Standardization provides a reference point. It is not an end all. It is a beginning. Anthropology has benefited by the "standardization" that John Wesley Powell called for in the training of field anthropologist back in the 1870's and which Boas introduced in his training program at Columbia that created the first generation of professional anthropologist.

In recent years, it seem that we have drifted away from a set of professional standards and into the realm of the "eclectic, fashionable, stylish." This is a trend that seems to parallel the over-production of PhD graduates and the shrinking and transformation of the academic market place -- especially for anthropologists which began in the 1980 and continued. It has severed the tentative academic/applied connection where the former generated theory that the latter might test in practice. It also served to drive some of us out of academia into the real world.

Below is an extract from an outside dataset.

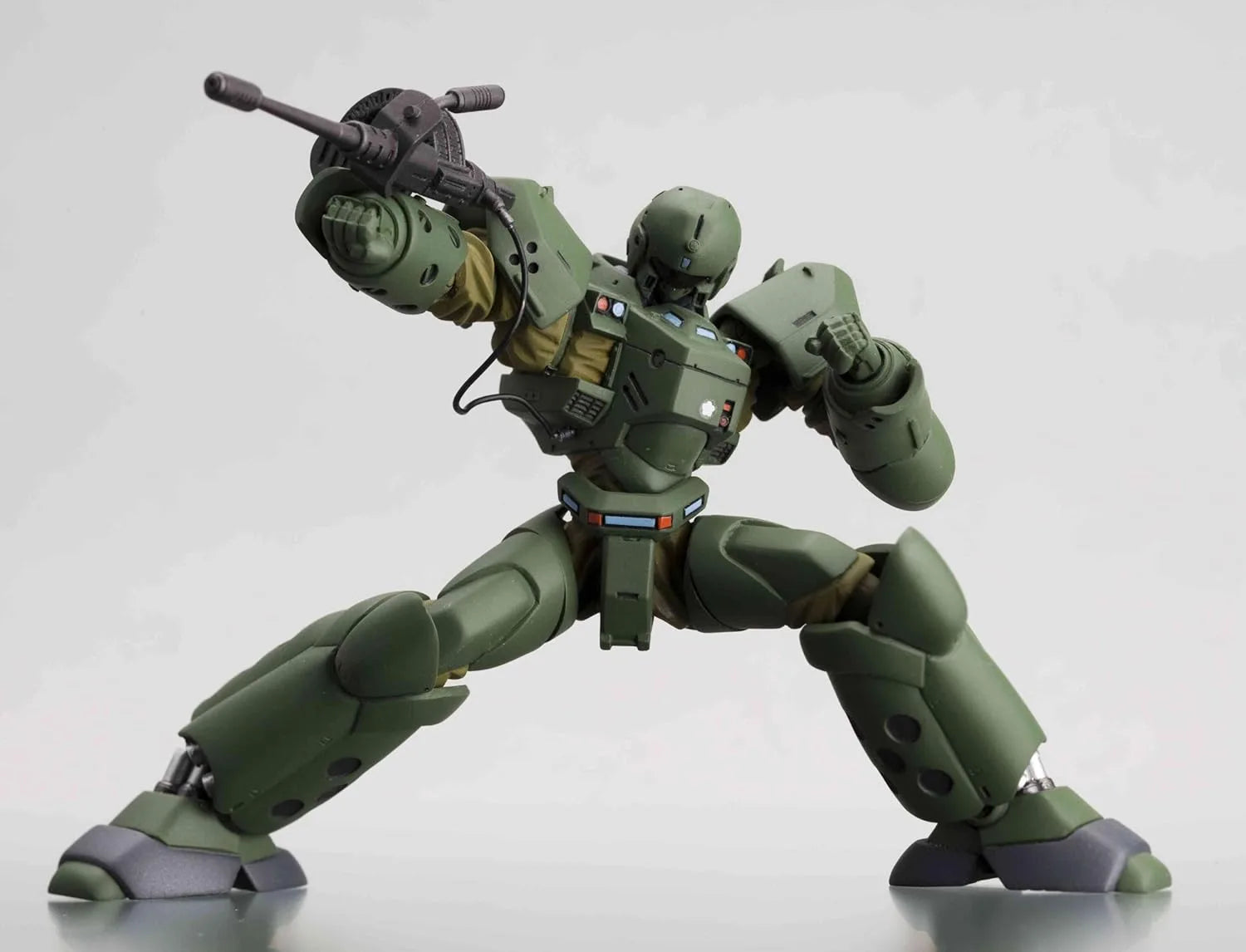 Kaiyodo Revoltech Yamaguchi No40 Helldiver Action Figure Collectible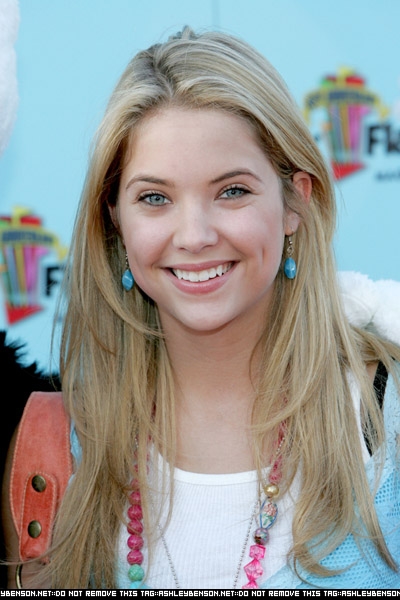 General photo of Ashley Benson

Standardization and the process of helping to create (discover) best practices is a rich area for applied anthropology and applied anthropologists. Program evaluation, which is applied research, was, for me, a very profitable career path during the early stage of my own career development as a consultant and coach.

The public wants to know, "What is valid and reliable,?" not novel. "What is predictable," not innovative. 
The majority do not want "new" as much as it wants to know "what works." Standardization makes answering the latter question a lot easier. The "New", and untested, is basic research, while "evaluation" and "standardization" are respectively -- engineering and auditing. The latter are the realm of the applied anthropologist.

In accounting and legal professions -- both applied practices serving a public need -- there are basic internal standards, e.g. "general accounting standards" and "code of professional ethics" It might be suggested that anthropology become more standardized in its methods and terminology when employed by or marketing to a non-anthropologically literate clientele. But this will require major input from the practitioner branch of the discipline and acceptance by the academic branch. 

Such standardization must apply across of the many contexts in which one finds ethnographic work being applied to solve practical problems. There is a similar dimension for the other sub disciplines such as archeology. If you are always looking back because you can't trust what you did in the past, then how can you convince the public that your advice help the client to make any real choices and progress affecting their future?